Ovid on 2009-03-08T11:50:38

Number 6
Where am I?
Number 2
In the Village.
Number 6
What do you want?
Number 2
We want information.
Number 6
Whose side are you on?
Number 2
That would be telling. We want information... information... information.

(From the opening of every episode of The Greatest TV Series Ever Made)

Just about everyone in the Perl community who does testing knows that I'm a huge testing fan. In fact, to steal a turn of phrase from Adrian Howard, you might even call me a "testing bigot". I wrote the new Test::Harness that ships with Perl's core. I've written Test::Most and Test::Aggregate. I maintain or have co-maintainership on a number of modules in the Test:: namespace. I was invited to Google's first Automated Testing Conference in London and gave a lightning talk (my talk on TAP is about 42 minutes into that). I was also last year's Perl-QA Hackathon in Oslo, Norway and I'll be at this year's Perl-QA Hackathon in Birmingham, UK. I was also the one of the reviewers on Perl Testing: A Developer's Notebook.

In short, I'm steeped in software testing. I've been doing this for years. When I interview for a job, I always ask them how they test their software and I've turned down one job, in part, because they didn't. If I'm just hacking around and playing with an idea, I don't mind buying some technical debt and skipping a bit on testing while I'm exploring a new idea. I've even posted some code to the CPAN which is a bit short on testing. That being said, I wouldn't dream of writing major software without testing and I don't want to release any CPAN code as version 1.00 without comprehensive test coverage to have a minimum baseline of guaranteed functionality.

A number of years ago at OSCON I was attending a talk on testing when Mark Jason Dominus started asking some questions about testing. He was arguing that he couldn't have written Higher Order Perl (a magnificent book which I highly recommend you buy) with test-driven development (TDD). If I recall his comments correctly (and my apologies if I misrepresent him), he was exploring many new ideas, playing around with interfaces, and basically didn't know what the final code was going to look like until it was the final code. In short, he felt TDD would have been an obstacle to his exploratory programming as he would have had to continually rewrite the tests to address his evolving code. I tried to explain alternate strategies to deal with this, including deleting the code and adding tests back in and, in fact, when I created CPAN distributions of three of the HOP modules, I did find a couple of bugs in my testing. Regardless, I was hard-pressed to rebut his arguments.

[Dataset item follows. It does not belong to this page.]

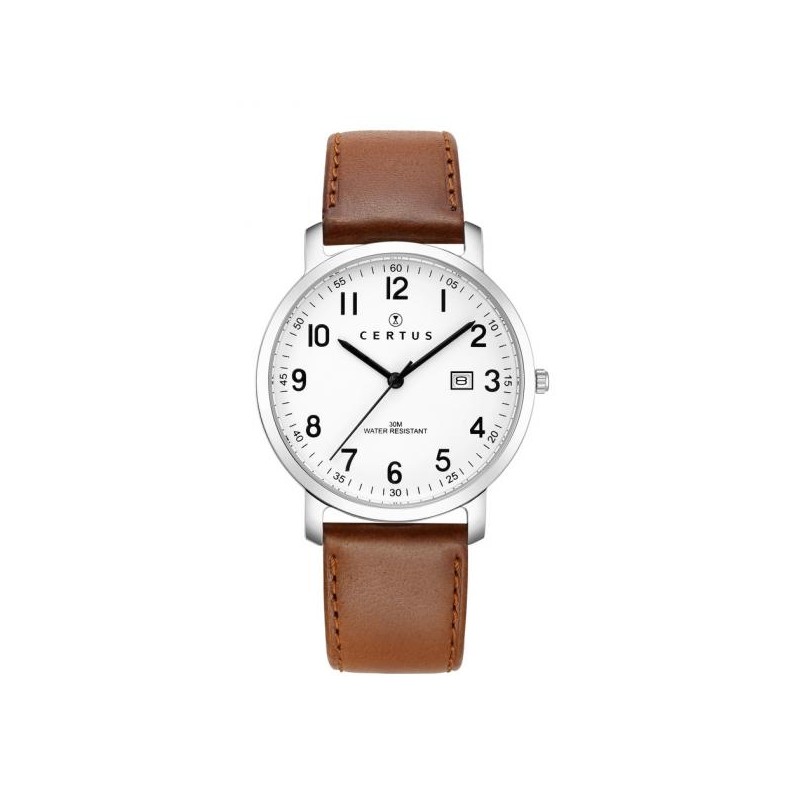 montre homme Certus acier argenté bracelet cuir marron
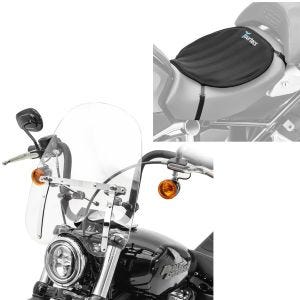 Set: Windschild CW1 für Chopper Cruiser und Custombikes klar + Gel Sitzkissen Neopren L Gelkissen Sitzauflage in schwarz_1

Now that's not really a terribly terribly heretical idea. Many people realize that exploratory programming and TDD don't always play well together. James Shore has a great blog post about Voluntary Technical Debt and how this helped them launch CardMeeting. It's the same story: tight deadline, new idea, playing with concepts.

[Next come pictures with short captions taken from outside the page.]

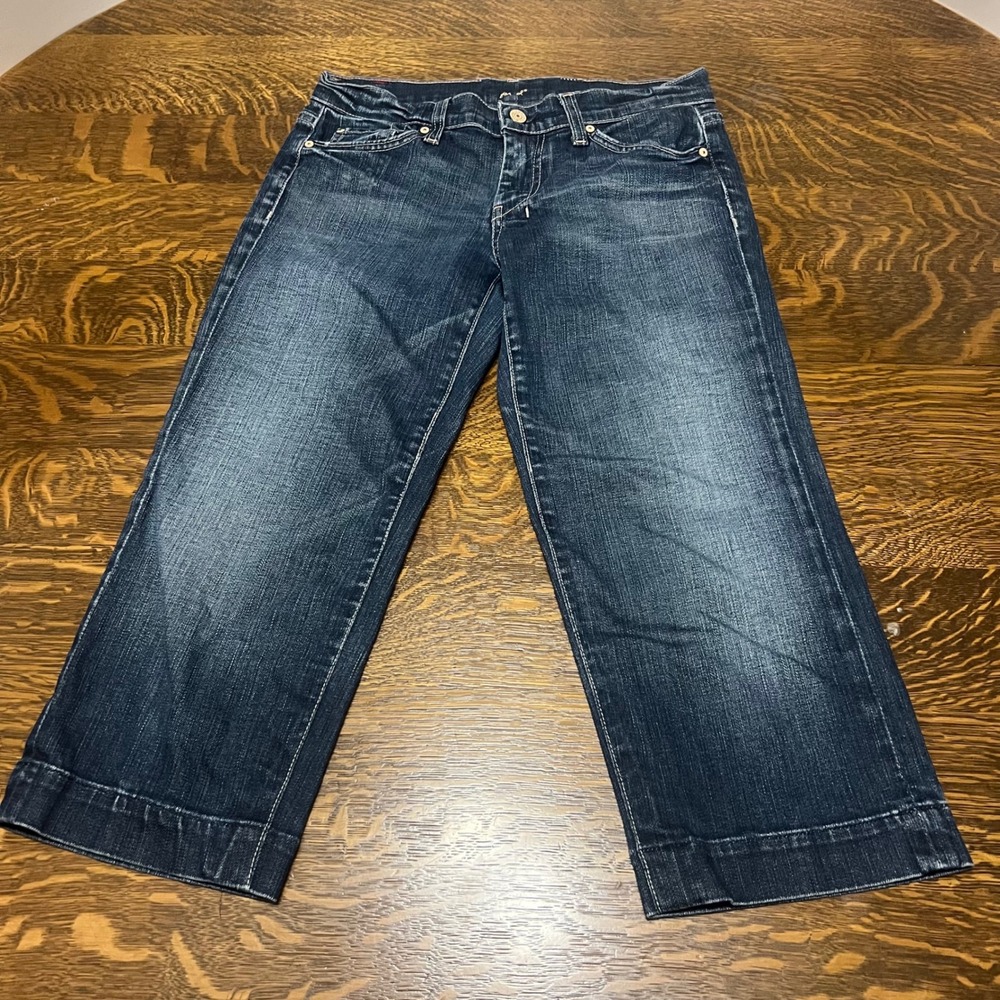 7 For All Mankind Dojo Crop Jeans Womens 29 Dark Blue Stretch Low Rise Denim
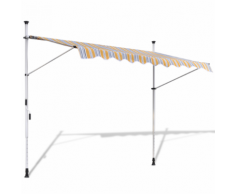vidaXL Tenda da Sole a Scomparsa 400 cm ad Azionamento Manuale Giallo/Blu
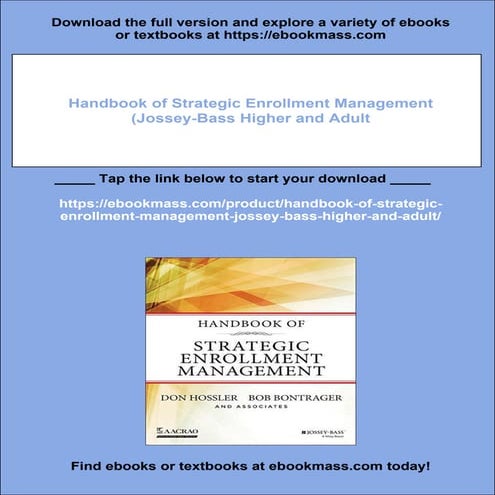 Handbook of Strategic Enrollment Management (Jossey-Bass Higher and Adult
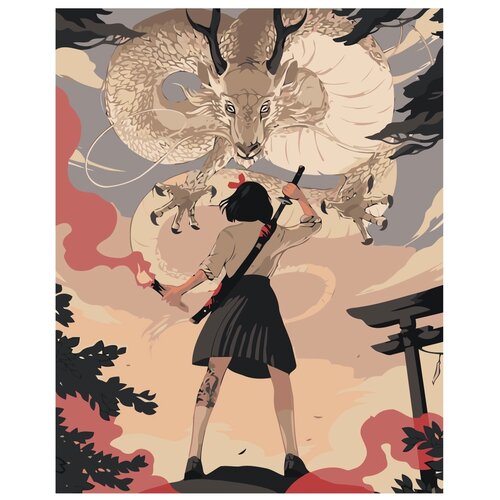 Живопись по номерам картина по номерам Z-MV192, 40 x 50 см картина по номерам аниме девушка с катаной и белый дракон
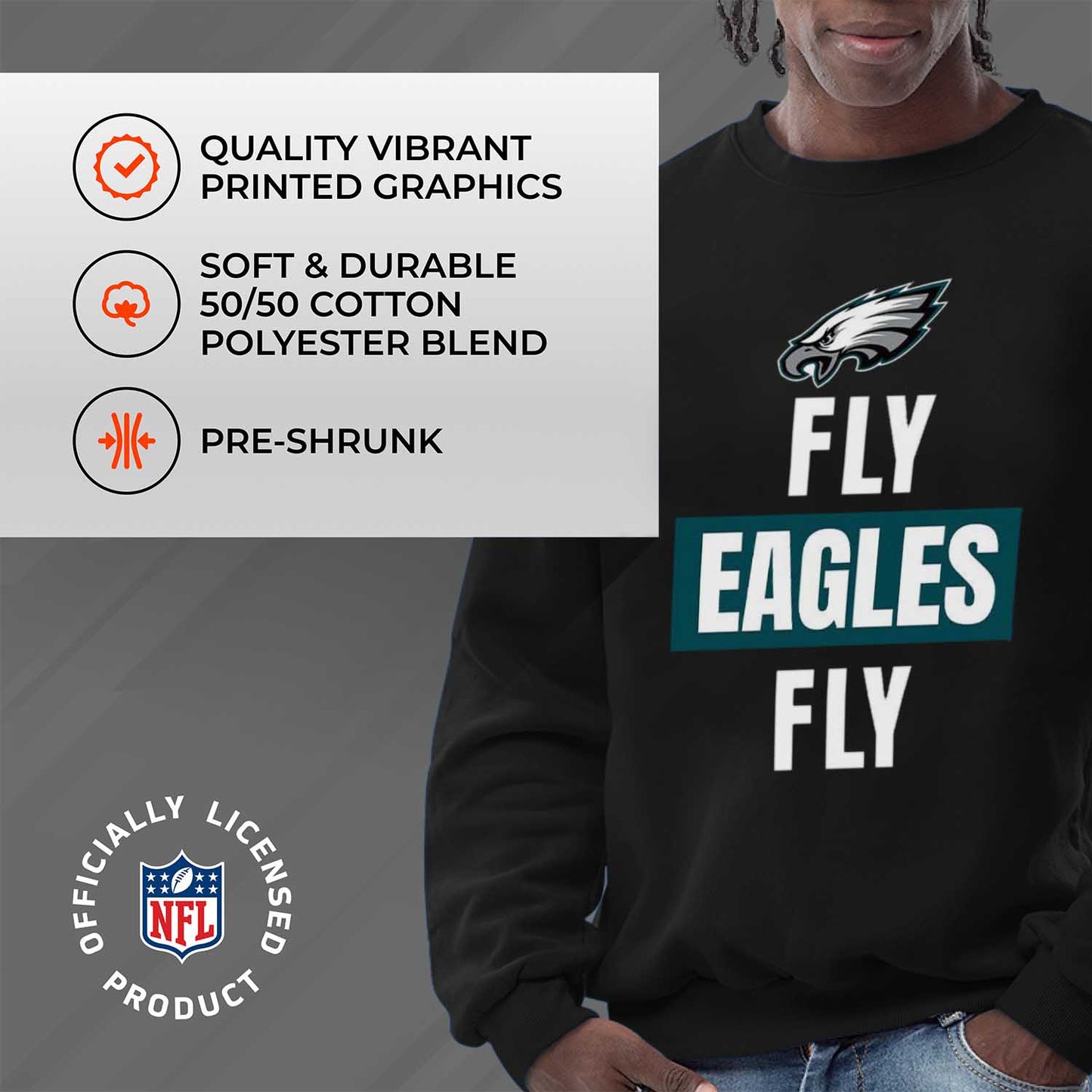 Philadelphia Eagles NFL Adult Slogan Crewneck Sweatshirt - Black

But that's not quite what I have in mind when I say "I don't do TDD". In reality, sometimes I do TDD, but not very often. I've tried TDD. I've written a test, added a stub method, written another test, returned a dummy object, written another test ... and so on.

Two words: tee dious (sic).

At work, we get a fairly substantial set of requirements for each task. We're a core application which many other BBC projects rely on for their programme metadata. When we get requirements, they're generally fleshed out enough that when we think through the problem, we have a decent handle on what needs to be done, even if the exact implementation isn't nailed down perfectly.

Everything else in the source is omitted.